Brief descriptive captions
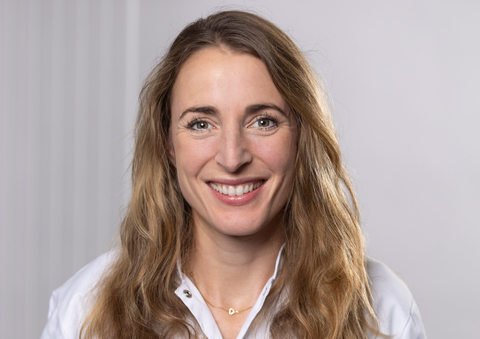 Porträtbild Anja Schröder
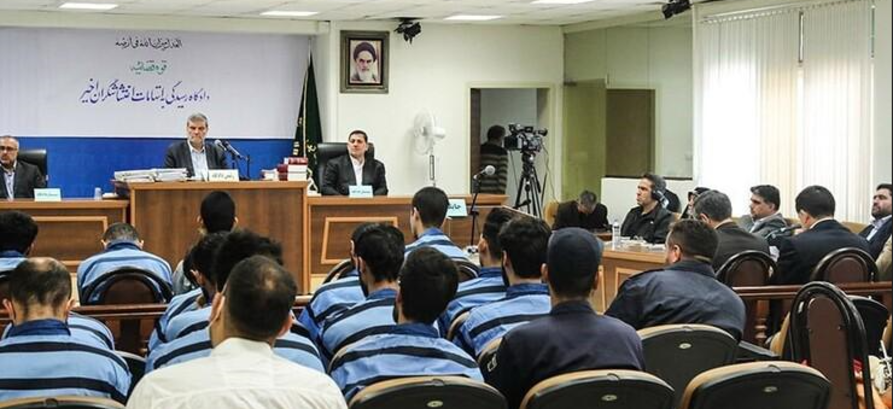 Menn sitter i en rettsal i Iran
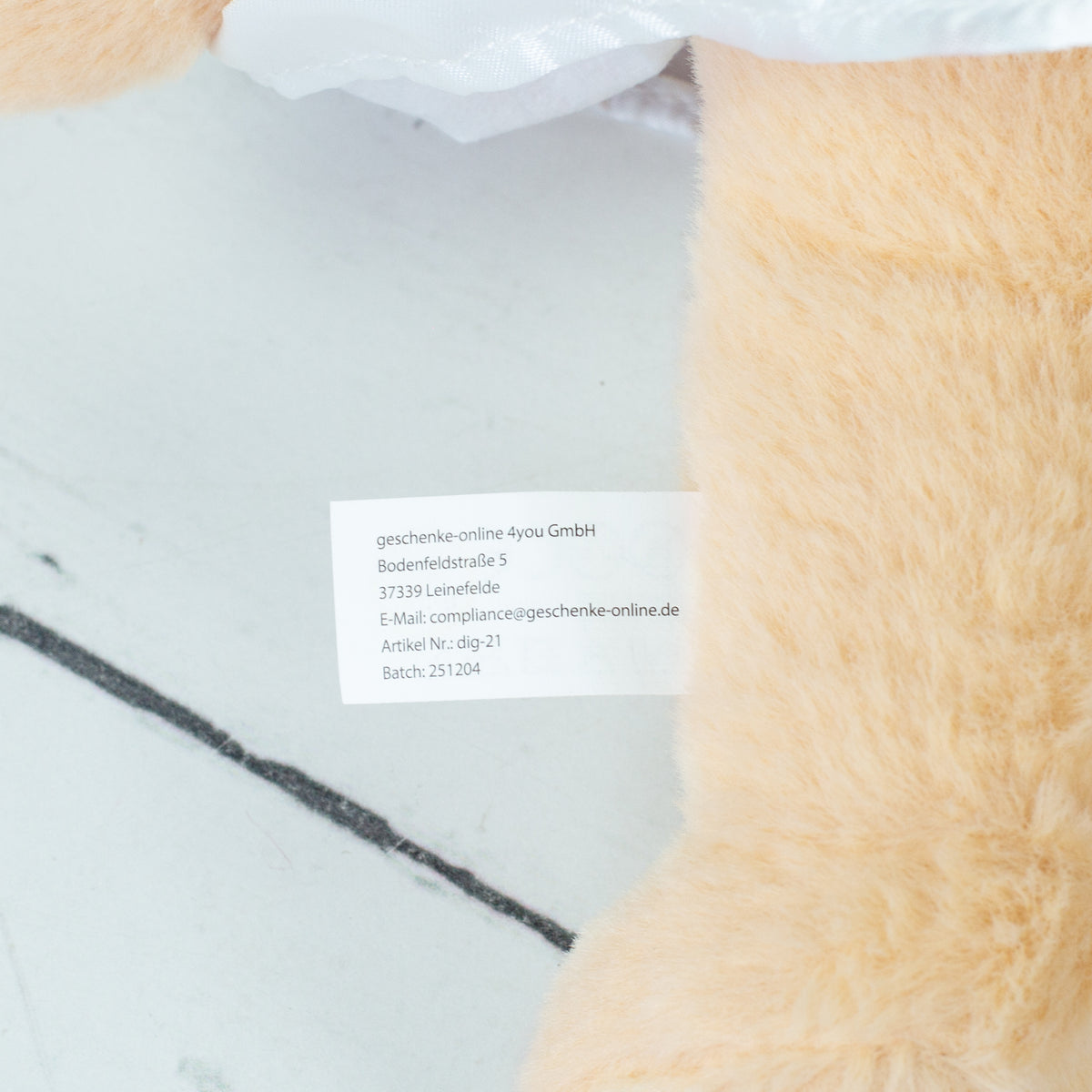Herstelleretikett am personalisierten Braut Kuscheltier mit Artikelnummer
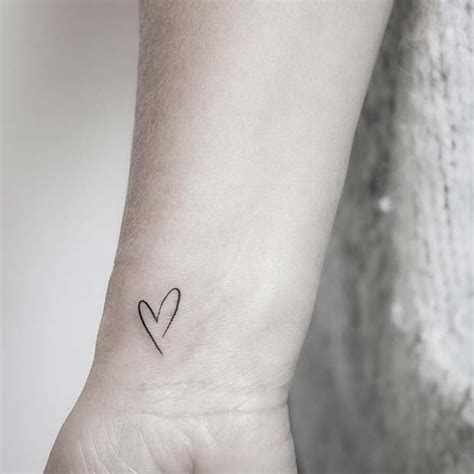 23 Super Cute Heart Tattoos For Girls Tiny Tattoos For Girls Tiny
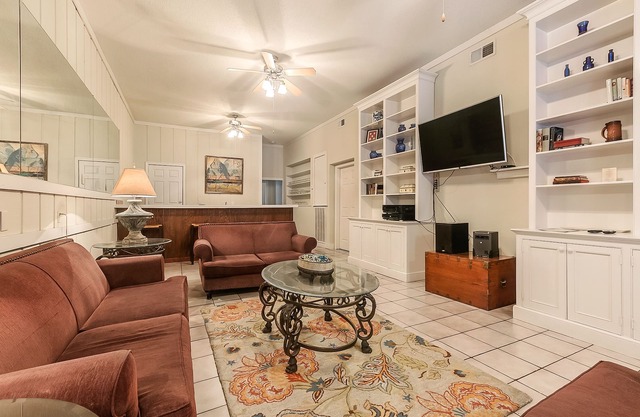 Prime Location, 3 Blocks to Bourbon St. A great space for groups to enjoy NOLA.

### Aim of the exercise
Above are the records; set down exactly the lines from the line containing "Menn sitter i en rettsal i Iran" through their last line, leaving every picture out.

### Exercise answer
 Menn sitter i en rettsal i Iran
Herstelleretikett am personalisierten Braut Kuscheltier mit Artikelnummer
 23 Super Cute Heart Tattoos For Girls Tiny Tattoos For Girls Tiny
 Prime Location, 3 Blocks to Bourbon St. A great space for groups to enjoy NOLA.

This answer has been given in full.